Update: I found $m_2\le 32$, which means that my upper bound ${\ref{bound}}$ is not optimal.
Frog puzzle is played on a connected graph as follows:
Place one frog on each vertex of the graph to start the puzzle.
The goal of the puzzle is to move all frogs to a given vertex.
All $f$ frogs on vertex $v$ can be moved to vertex $w$ if and only if:
- Both vertices $v,w$ contain at least one frog.
- There exists a path from $v$ to $w$ consisting of $f$ unique edges.
For example, frog puzzle is solvable on any vertex of a path graph.
I'm interested in solving the puzzle on star subgraphs of "dandelion graphs". They can be described as:
Definition. Let $D_{m,n}$ represent a "dandelion graph" consisting of a vertex $v_0$ of degree $m+1$, where:
- $v_0$ is connected to $m$ leaf vertices $\{s_1,\dots,s_m\}=V(S_m)$, i.e. $v_0$ is a center of a star $S_m$.
- $v_0$ is connected to a path $P_n$ whose vertices are $V(P_n)=\{p_1,\dots,p_n\}$.
That is, star $S_m$ and path $P_n$ are subgraphs of $D_{m,n}$ that share only a single vertex $v_0$.
Then, $|V(D_{m,n})|=m+n+1$. For example, frog puzzle is solvable on vertex $p_3$ of a $D_{6,15}$ dandelion.
Question. Given $k\in\mathbb N$, what is the smallest $m\gt k$ such that $D_{m,m-k}$ is "solvable in a vertex" $s\in V(S_m)$ ?
We say that given graph "is solvable in a vertex" if the frog puzzle is solvable in that vertex.
Motivation: I have proven that $s\in V(S_m)$ is solvable if $n\ge m$. It remains to consider cases like the given question. (I also know that every vertex of a dandelion is solvable if $n\ge 2m+3$, but asking about all vertices for all $n\lt 2m+3$ is maybe too much.)
Let $m_k$ be the smallest $m$ that answers the question for the given $k$.
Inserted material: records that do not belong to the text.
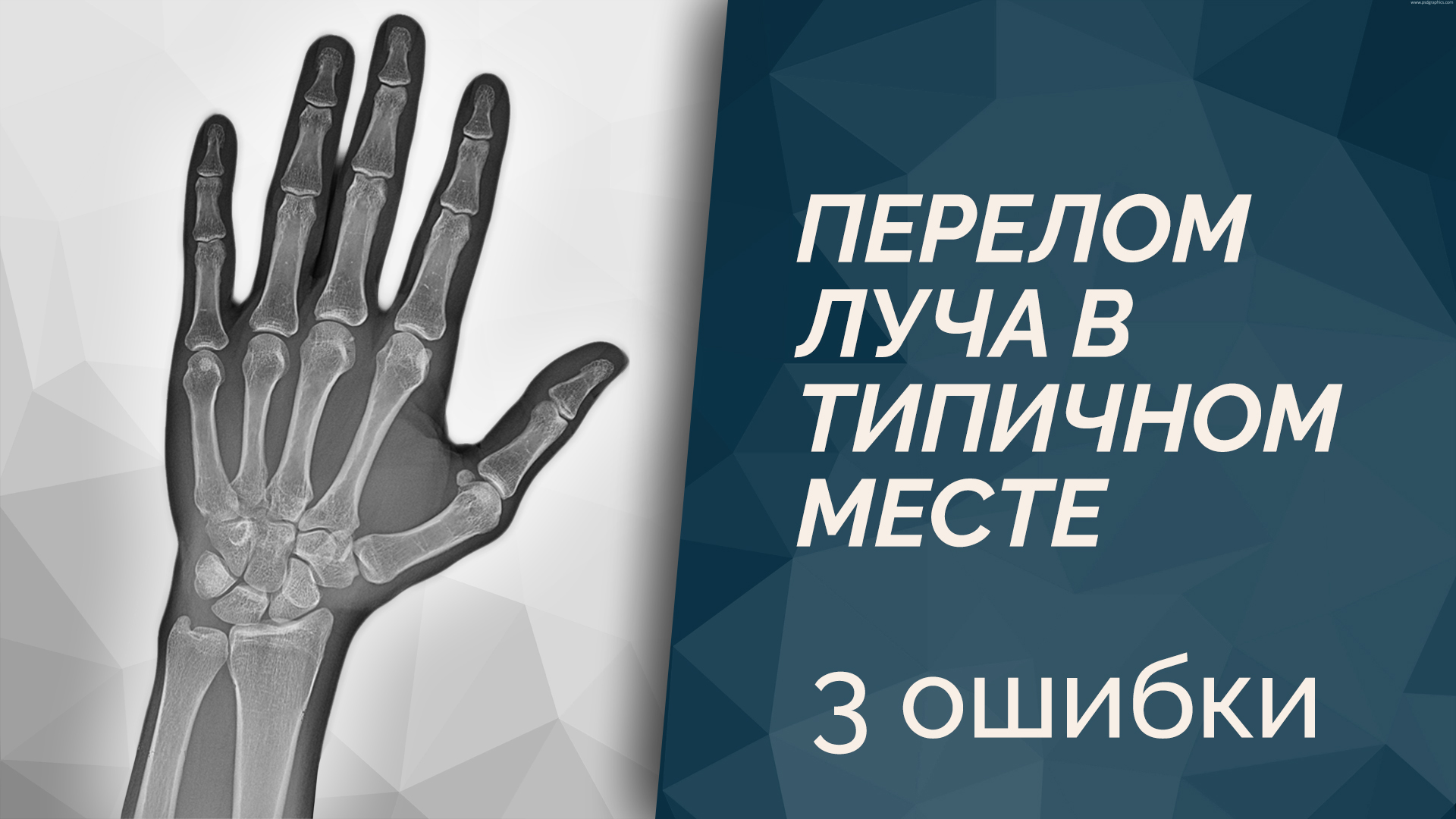 3 ошибки врача и пациента - Реабилитация луча в типичном месте смотреть онлайн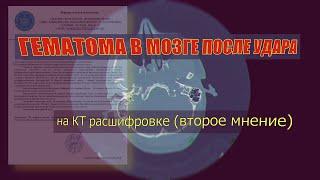 ВНУТРИМОЗГОВАЯ ГЕМАТОМА после удара и ПЕРЕЛОМ основания черепа на РАСШИФРОВКЕ КТ головного мозга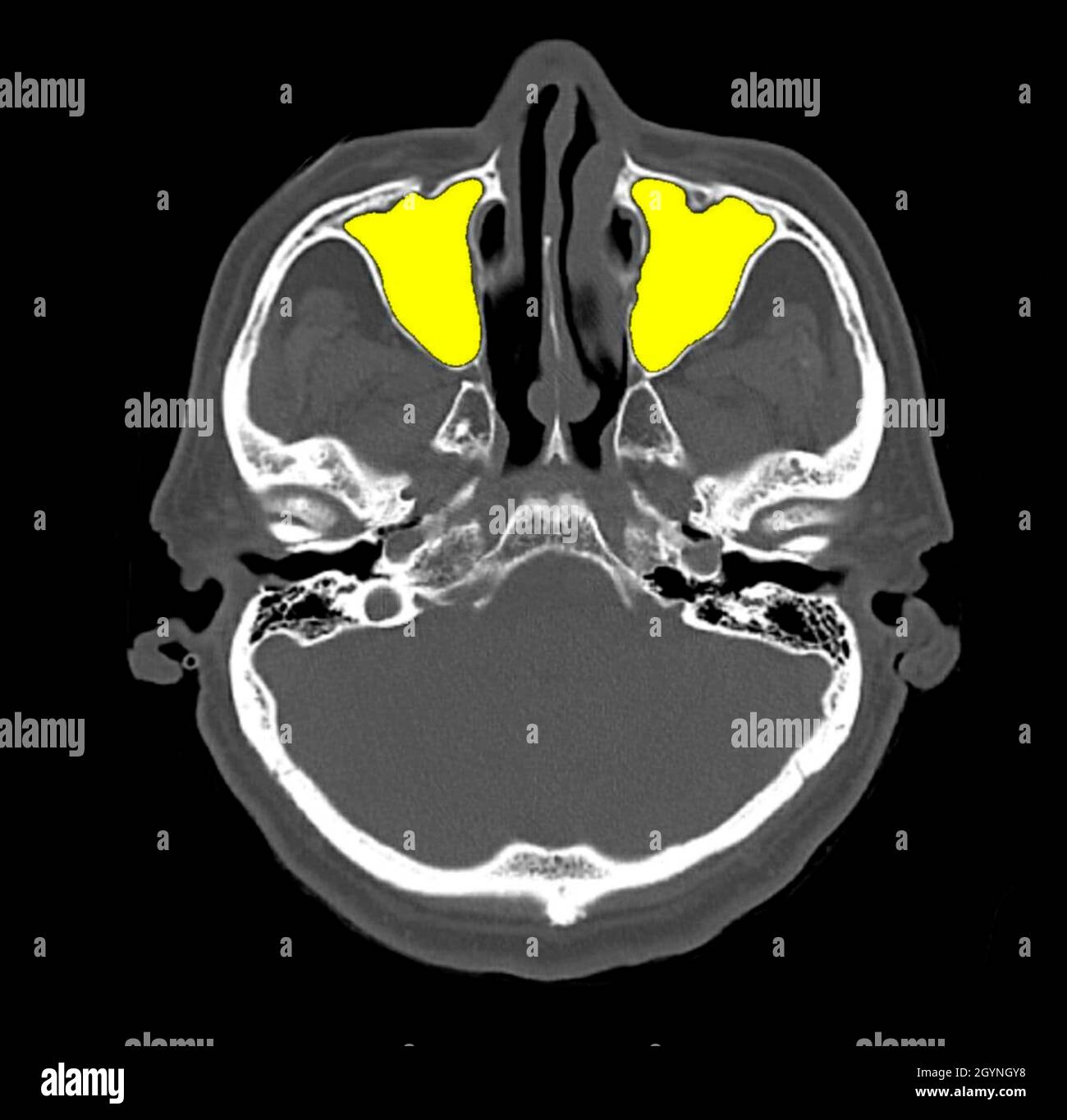 Paranasal sinus anatomy, CT scan Stock Photo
I believe that $m_1=14$. This is because $D_{14,13}$ is indeed solvable in some $s\in V(S_m)$,
and because for smaller $m$, the $D_{m,m-1}$ is not solvable in $s$ (assuming my computer search is ok).
For $k>1$, I can only find upper bounds. That is, I have the following: $$m_{k+1}\le 3m_k -2k + 5\label{bound}\tag*{(*)}$$
This is not hard to see. I inductively took the solution of $D_{m_k,m_k-k}$, then connected one extra leaf vertex $s'$ to $v_0$ and then kept connecting an additional vertex both to $v_0$ and to the end of the path subgraph until I could move frogs to that one extra leaf vertex $s'$ and then eventually move all remaining frogs to $s$ in which the graph needs to be solvable. It turns out that extending the graph to $D_{m_{k+1},m_{k+1}-(k+1)}=D_{m',n'},n'=3(m_k-k)+4$ works, which gives the upper bound.
Could this upper bound be the answer (equality holds?), or is there a better upper bound?
Update: My upper bound gives $m_2\le 45$, but I found $m_2\le 32$. Can we do even better?